- Born: 17 August 1956 Stockholm, Sweden
- Occupations: Choreographer, dancer
- Years active: 1972–present

= Indra Lorentzen =

Norwegian dancer and choreographer

Indra Lorentzen (born 17 August 1956 in Stockholm, Sweden) is a Norwegian dancer and choreographer with family roots on the mother's side, in Indonesia.

== Biography ==
Lorentzen started dancing at four years old in Stockholm.
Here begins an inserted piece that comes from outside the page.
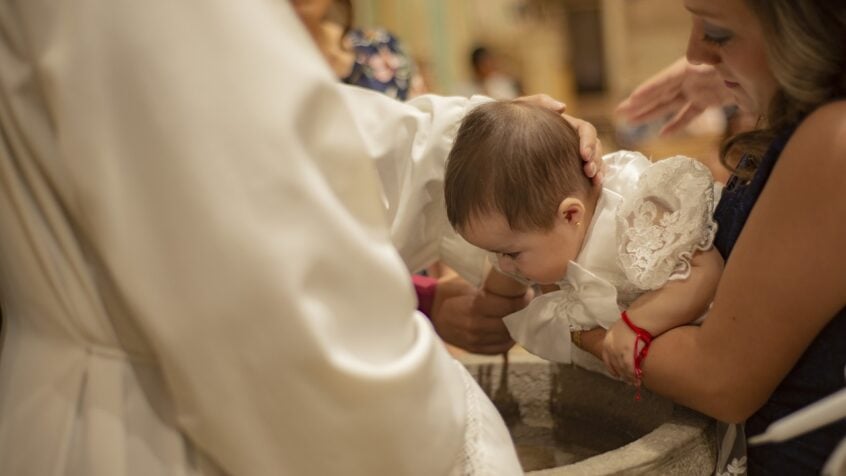 Qui sont les enfants baptisés par le pape dans la chapelle Sixtine?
She studied dancing at the Opera Ballet School in Oslo, and became a member of the ballet ensemble of the Norwegian National Ballet in 1973, soloist in 1977. With her background as a half Indonesian, half Norwegian, she is in contact with a different culture of human relations also through body gestures.

She debuted as a choreographer for the Norwegian National Ballet in 1998 with the Sami-inspired Flettede stier, and has since choreographed several productions in Sweden, Norway and Greenland, including Peer Gynt and A Midsummer Night's Dream, and also dance films like Skårungen and the Radioballetten.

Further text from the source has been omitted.